Exercise description
Write out exactly the lines of the entries below from the one holding "thumbnail image 6" to the one holding "tax label with", inclusive, and leave out all other lines.

Given entries
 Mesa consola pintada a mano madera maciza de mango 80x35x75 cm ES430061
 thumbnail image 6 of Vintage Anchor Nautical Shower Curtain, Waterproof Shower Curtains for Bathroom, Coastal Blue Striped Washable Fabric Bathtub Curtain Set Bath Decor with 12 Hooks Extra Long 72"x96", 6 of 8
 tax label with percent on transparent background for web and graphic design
==
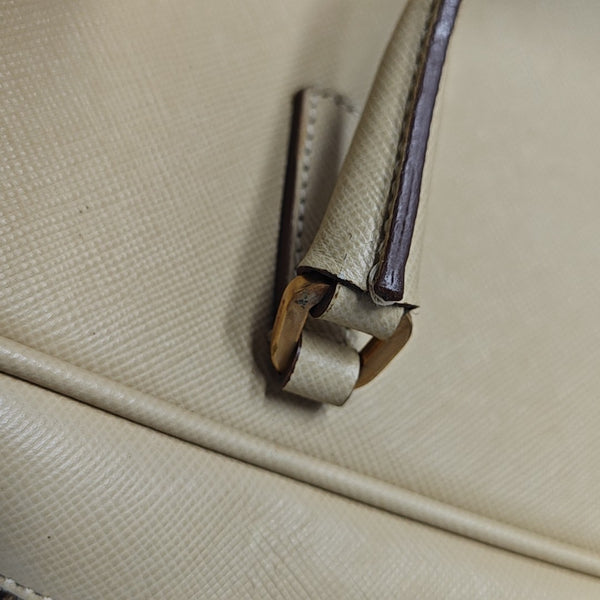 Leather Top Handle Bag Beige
* * *
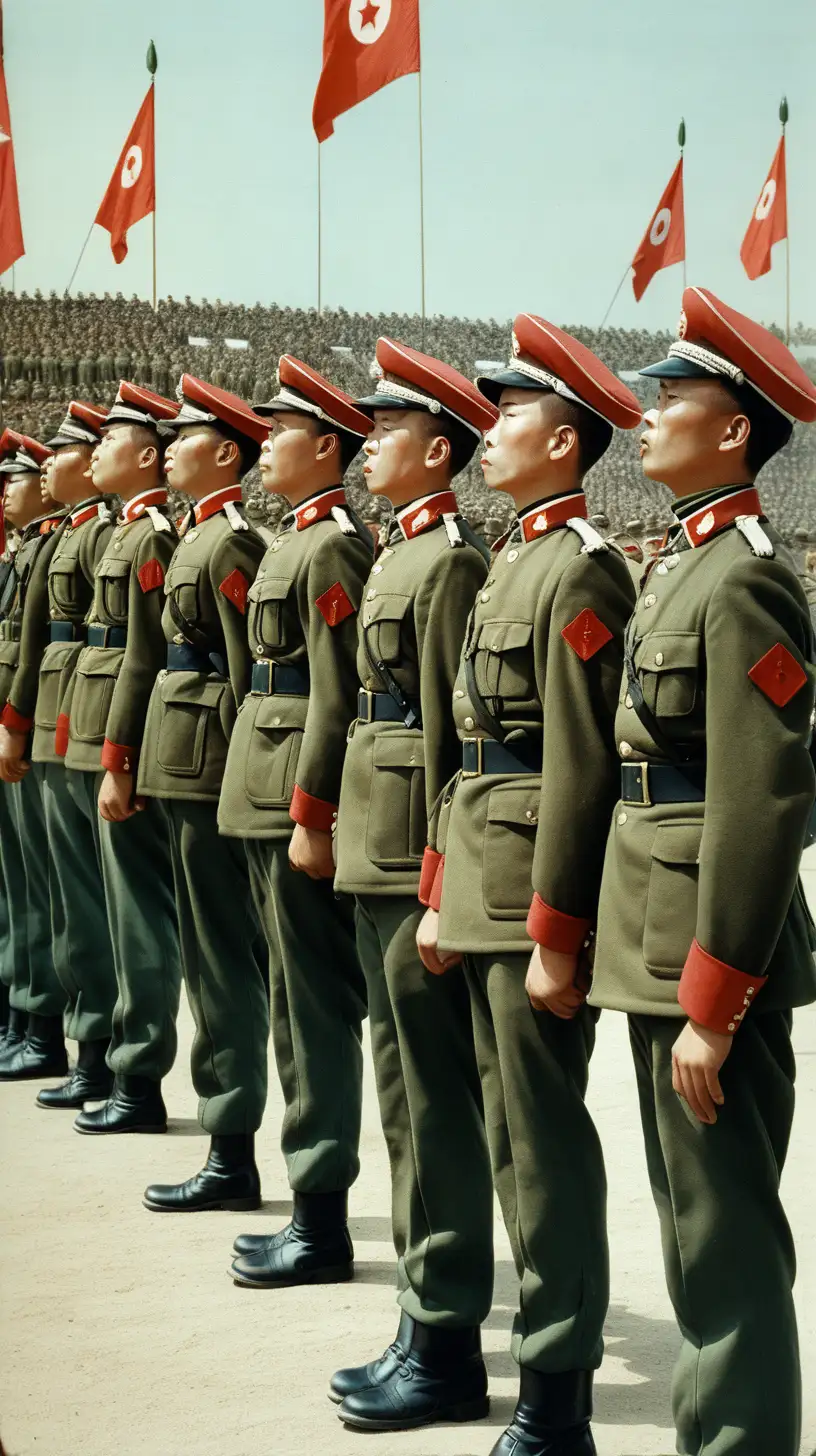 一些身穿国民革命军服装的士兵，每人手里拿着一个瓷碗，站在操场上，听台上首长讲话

Problem solution
 thumbnail image 6 of Vintage Anchor Nautical Shower Curtain, Waterproof Shower Curtains for Bathroom, Coastal Blue Striped Washable Fabric Bathtub Curtain Set Bath Decor with 12 Hooks Extra Long 72"x96", 6 of 8
 tax label with percent on transparent background for web and graphic design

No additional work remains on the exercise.